Is any additional information, over and above that required purely for driving licence purposes, secretly encrypted on to the credit card style licence?
Precisely who has access to the data, and for what purposes? Is access routinely available to all public bodies and officials, or only on a strict need-to-know basis, coupled with justification and authorization?
How tightly are access, viewing rights, and amendment rights controlled? Could, for example, a parish official in St Ouen snoop on the St Clement licence details of a prospective son-in-law, or fabricate an endorsement on to a business rival’s licence?
If law enforcement agencies have access rights in lawful course of their duties (not unreasonable, within limits), what safeguards are in place to prevent and detect improper use, of the kind not exactly unknown in the recent past?
What integration is there with other States’ databases, like Social Security and Income Tax? Could officials of Social Security, say, search for a cross-matching of names and addresses to check whether a recipient of serious incapacity benefit doesn’t also have a no-incapacity driving licence? Preventing benefit fraud by reasonable means is legitimate, but this kind of linkage allows covert spying on the population to a wholly unacceptable degree.
Licensees’ details include a raft of personal data, photographs, forms, and even signatures. With the existence of the database being public knowledge, and with even CdeH? being able to work out that it would yield a treasure trove of sensitive personal information for criminals, what barriers and firewalls are there to prevent data abstraction for nefarious purposes?
In which public body does political accountability for the centralised database reside? Is it the Comité des Connétables? If not, who?
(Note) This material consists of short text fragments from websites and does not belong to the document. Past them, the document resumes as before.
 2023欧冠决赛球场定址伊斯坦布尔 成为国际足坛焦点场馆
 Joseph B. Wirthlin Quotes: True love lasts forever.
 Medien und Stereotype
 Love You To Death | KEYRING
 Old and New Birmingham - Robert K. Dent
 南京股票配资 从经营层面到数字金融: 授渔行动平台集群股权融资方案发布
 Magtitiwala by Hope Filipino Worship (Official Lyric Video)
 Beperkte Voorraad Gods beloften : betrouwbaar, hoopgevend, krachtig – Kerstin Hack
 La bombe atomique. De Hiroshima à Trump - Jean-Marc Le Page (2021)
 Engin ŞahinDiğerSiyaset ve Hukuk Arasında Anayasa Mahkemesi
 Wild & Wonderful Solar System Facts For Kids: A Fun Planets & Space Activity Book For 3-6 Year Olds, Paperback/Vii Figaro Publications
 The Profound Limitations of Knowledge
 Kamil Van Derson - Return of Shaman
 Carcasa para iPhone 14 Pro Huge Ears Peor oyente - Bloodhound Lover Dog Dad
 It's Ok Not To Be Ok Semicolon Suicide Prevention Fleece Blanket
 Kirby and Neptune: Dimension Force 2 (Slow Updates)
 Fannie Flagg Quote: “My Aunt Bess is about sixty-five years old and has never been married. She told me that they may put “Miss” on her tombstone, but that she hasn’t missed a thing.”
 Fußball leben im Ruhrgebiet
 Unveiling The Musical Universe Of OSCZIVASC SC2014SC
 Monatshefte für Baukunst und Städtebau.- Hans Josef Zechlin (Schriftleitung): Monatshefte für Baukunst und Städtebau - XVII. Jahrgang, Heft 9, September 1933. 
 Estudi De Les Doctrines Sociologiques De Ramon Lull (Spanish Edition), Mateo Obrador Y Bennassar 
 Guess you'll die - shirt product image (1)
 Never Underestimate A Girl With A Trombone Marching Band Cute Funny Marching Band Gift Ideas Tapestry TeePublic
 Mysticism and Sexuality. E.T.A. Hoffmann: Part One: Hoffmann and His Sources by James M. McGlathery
On whose desk sits that famous sign “The Buck Stops Here”? Who do we blame, whose head should roll, who should fall on their sword, if a catastrophic data loss or security breach was to occur? In short, just who’s in charge?
What precautions are taken to ensure that the data held about us will not either (1) be lost while being sent on an unencrypted, non-passworded CD-ROM via insecure mail: or (2) copied to a memory stick which then gets left in the pub: or (3) stored on a laptop which gets nicked from the back seat of a car while the owner hops out to pick up the paper on the way home? All three have happened in the UK during the past year.......
Would the States indemnify the database’s entire population from consequential loss occurring as a result of the leakage of sensitive personal data if caused by the States’ or their agents’ reckless or negligent custody? What’s the extent of third party liability cover carried by the States against this? Is it sufficient?
What does the database cost to establish and maintain? Is it cost-effective? Could it be outsourced at lower cost, provided that legitimate access was not impeded and security was not compromised?
And finally - have all the operating parameters and data protection measures been reviewed and signed off by the Data Protection Commissioner?
Now for a couple of other aspects.
Doesn’t the basic concept of an Island-wide driving licences database run counter to the hoary old argument that a system of 12 individual parishes constituting 12 separate issuing authorities is somehow one of the key manifestations of individual parish identity?
And from the purely practical standpoint, if a centralised, all-Island, driving licence database exists, then why on earth does CdeH?, say, on moving house from Trinity to St John, have to go through the archaic and time-consuming rigmarole of surrendering a Trinity licence and applying – probably in person too, for photograph verification - for a new St John version (plus the £40 fee, no doubt)? The widespread assumption among CdeH?’s acquaintances is that it’s to give parish administration at least the fiction of something to do……thereby adding, of course, to the cost of public bureaucracy.
CdeH? did not anticipate the need, quite so soon after launching Clameur de Haro?, to comment at such length on the threats to the privacy and security of islanders’ personal details posed by the unremitting expansion of the database state.
CdeH? is disinclined just to trust Big Brother, much less learn to love him. So satisfactory answers and reassurances please, Big Brother. And now.